** Opening INPUT DATA block **

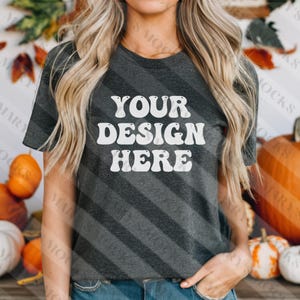 BC Dark Heather Gray Mockup, Bella Canvas Dark Heather Tee Mock, Dark Heather Gray Bella Canvas 3001, Bella Canvas Heather Shirt Grey shirt,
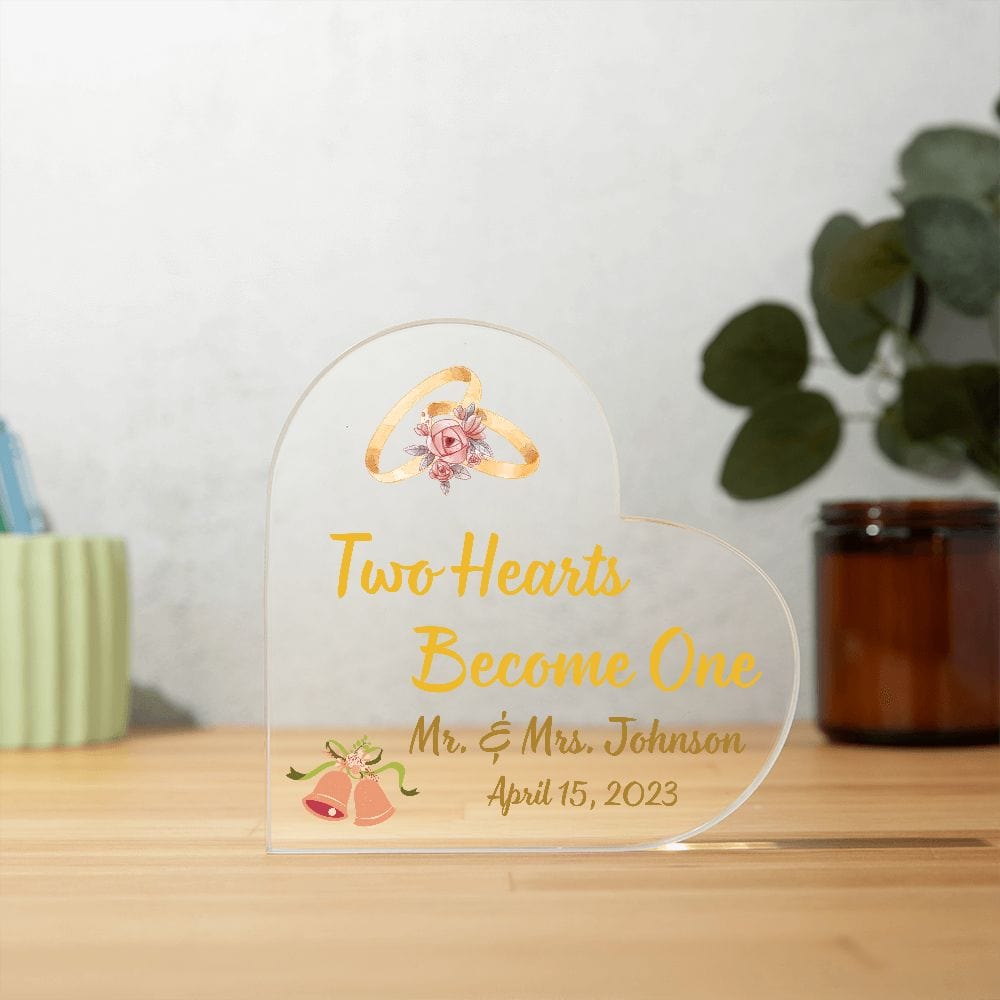 Wedding Gift | Customized Name and Date Acrylic Heart To The Bride and Groom, Mr. & Mrs. Wedding Day Celebration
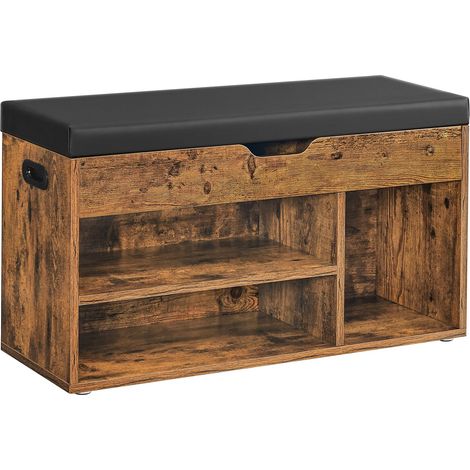 Banc à Chaussures Rembourré, Banc de Rangement, Rangement Caché, Étagères, Meuble d'Entrée, Capacité de Charge 136 kg, 30 x 80 x 44 cm, Marron Rustique et Noir d’Encre LHS30BX (1/5)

** Closing INPUT DATA block **

TASK GOAL
All lines of the material above should be returned unchanged, but no pictures should be included.

TASK ANSWER
 BC Dark Heather Gray Mockup, Bella Canvas Dark Heather Tee Mock, Dark Heather Gray Bella Canvas 3001, Bella Canvas Heather Shirt Grey shirt,
 Wedding Gift | Customized Name and Date Acrylic Heart To The Bride and Groom, Mr. & Mrs. Wedding Day Celebration
 Banc à Chaussures Rembourré, Banc de Rangement, Rangement Caché, Étagères, Meuble d'Entrée, Capacité de Charge 136 kg, 30 x 80 x 44 cm, Marron Rustique et Noir d’Encre LHS30BX (1/5)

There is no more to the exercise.